I spoke too soon. Is it possible for you to fix it so that you can submit results and the order of the id column does not matter. Sorting that many records to be exactly the same is proving to be a big pain point for me.
The easiest way to reorder/sort is based on the IDs/index that is in the submission file. Here are some examples in R and Python of loading the data, shuffling the test dataset (so that it is not in the same order as the submission file), and then reordering that shuffled data based on the order expected in
Hope it helps!
First in R:
# load data test_data <- read.csv("data/processed/test_values.csv", row.names=1) submission <- read.csv("data//processed/SubmissionFormat.csv", row.names=1) # reorder the test data so it is shuffled shuffled_data_frame <- test_data[sample(nrow(test_data)),] # confirm that the shuffled order does not match the original #  FALSE all(shuffled_data_frame == test_data) # use the submission index to reorder the test dataframe reordered_data_frame <- shuffled_data_frame[row.names(submission),] # check the reordered matches the original #  TRUE all(reordered_data_frame == test_data)
And now in Python with
import pandas as pd import numpy as np test_data = pd.read_csv("data/processed/test_values.csv", index_col=0) submission_format = pd.read_csv("data/processed/SubmissionFormat.csv", index_col=0) shuffled_data = test_data.loc[np.random.permutation(test_data.index)].copy() # False print (shuffled_data.values == test_data.values).all() reordered_data = shuffled_data.loc[submission_format.index].copy() # True print (reordered_data.values == test_data.values).all()
How do you manage to use the Y variable in the analysis if it is not included in the test set?
The code above uses
SubmissionFormat.csv, which is the same shape and has the same order of rows/columns as the actual Y variable–just not the same values.
Is the submission case sensitive? I am new to this and the score column next to my submission list is just an icon of spinning dots. I did not receive any errors or warnings when submitting the code but I feel like I must have done something wrong. Thanks in advance for any advise.
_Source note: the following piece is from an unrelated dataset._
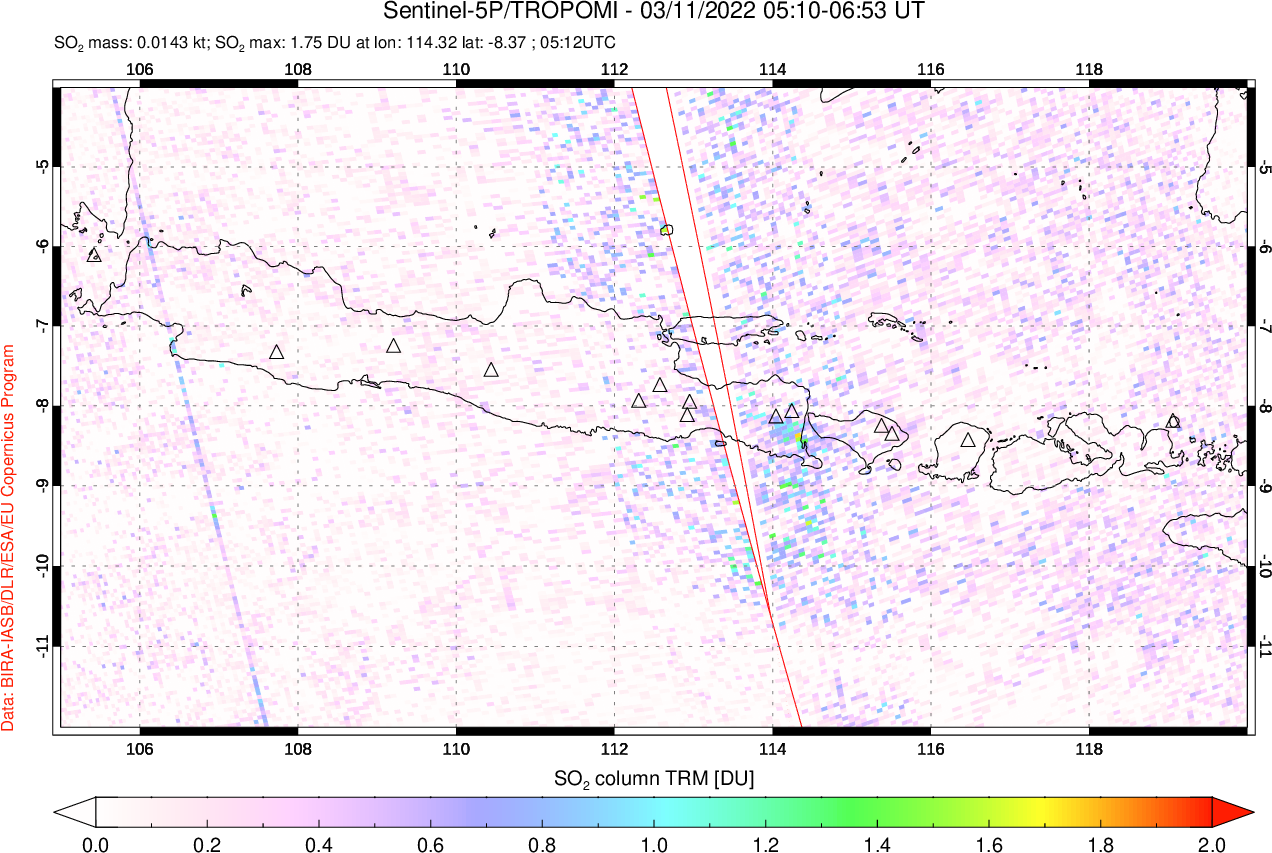 A sulfur dioxide image over Java, Indonesia on Mar 11, 2022.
Yep, the submission is case sensitive. The labels you submit must exactly match the ones in the problem description, which are
functional needs repair, and
There’s a known issue where if your score is exactly equal to zero, you see the spinning dots. If you got a score of exactly zero, your labels probably don’t match the correct format!
Hope that helps!
I have a quick question:
The rules (general ones) say that submission limits are on a per competition basis; given this, what is the limit of submissions for this competition?
Hey @zamborg, you can find that on the submissions page:
For example, when under
Subs. Today I see that I have made 0 of 3 possible submissions.
Regarding the error message “IDs for submission are not correct.”.
The suggestion to reorder/sort the data as in the submission file didn’t work out right way for me (in R).
I was able to tackle this problem by using join() (from the plyr package), which is similar to merge() but it retains the order of the first data frame.
Join the ‘id’ variable with your solution (which contains id + status_group)
submission <- data.table(read.csv("SubmissionFormat.csv")) FileToSubmit <- join(submission[, .(id)], solution, by= "id")